They say history is written by the victors. Russia was defeated in its nine-year-long invasion of Afghanistan, and it finished its ignominious withdrawal 30 years ago this Friday. Yet Russia’s president, Vladimir Putin, insists that his country’s legacy of strength is uninterrupted and unblemished. Which is why Moscow is marking the anniversary of its defeat with the pomp and ceremony of a triumph. The parliament is expected to pass a resolution justifying the Soviet invasion in 1979, overturning the Kremlin’s previous condemnation of the war as a “political mistake,” and lavish commemorations will be held across the country.
This is a tremendous feat of national fantasy. During Russia’s nine-year war in Afghanistan, at least 1 million Afghans and 15,000 Soviet soldiers died. Afghanistan was devastated, its agriculture was ravaged, and one-third of its people fled and became refugees. The Soviet invasion is widely seen as the beginning of what Afghans now call their “forty-year war.” Soviet citizens at the time were bewildered and privately furious about the officially imposed silence and mounting casualty toll — all while the state was collapsing.

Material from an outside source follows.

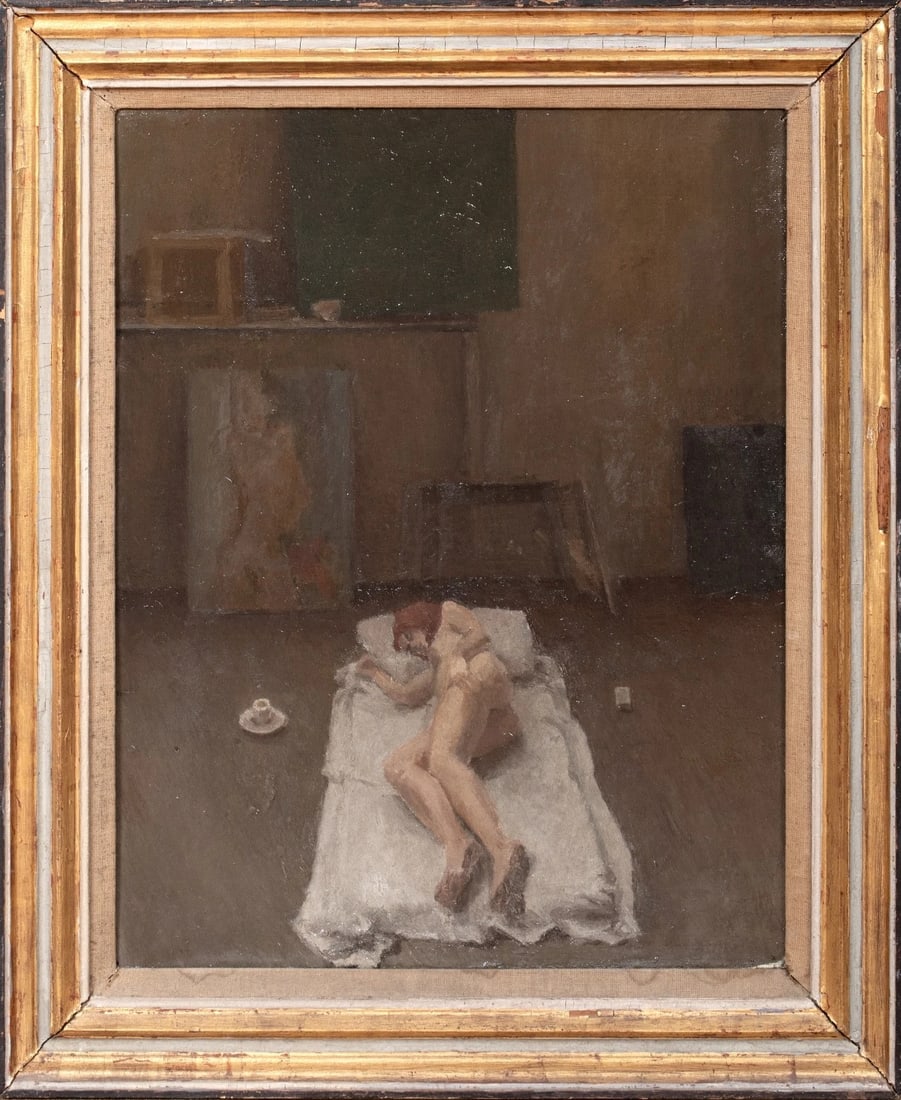 PORTRAIT OF A NUDE SLEEPING OIL PAINTING: Year: 20th century Size: 25" x 20" Medium: Oil Description: Edmund Fairfax-Lucy, oil on board, 20th century interior portrait of a sleeping naked person in an artist's studio. One of the best examples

Viktor Khabarov, now 67, was then a major in the Soviet military, working among the troops as a photographer. While the Kremlin made lofty decisions about the conflict from Moscow, he saw it close up, on the ground. From 1986 to 1989, he hopped in and out of Afghanistan on assignment for Red Star, the Soviet (and now Russian) military newspaper.
Photographing war today is not what it was then. There were few rules and restrictions on Soviet photographers in Afghanistan, and Khabarov relished his independence. “I was a free hunter,” he says. He was able to observe his subjects at length, to befriend them, to gain their trust. “The masks fall from people’s faces, and you see their natural state and emotions. For a photographer, this is a gold mine,” he recalls.

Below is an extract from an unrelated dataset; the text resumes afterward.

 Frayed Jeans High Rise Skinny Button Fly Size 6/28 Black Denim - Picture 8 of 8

In early 1989, he was working around the USSR’s border with Afghanistan. Three days before the withdrawal, Khabarov found himself on the Soviet side. Worried he would miss the final days, he asked Boris Gromov, the last Soviet commander of the war, if he could return. “He turned to me and said, ‘Are you f—ing crazy?’ But he’s a cool guy. He gave me his armored personnel carrier and said, ‘Just go.’ ”
Khabarov and a colleague raced across 300 miles of Afghan terrain in search of great photos before Soviet troops stopped them from going further. “Everyone was leaving, and we were trying to get back in. That ended up being some of the best photography I took in Afghanistan.” The airborne forces were jetting away; soldiers packed away their munitions; mothers slathered their returning sons with kisses. Khabarov was one of the last Soviets to leave the country, walking out by foot on the final day of the withdrawal, 30 years ago Friday.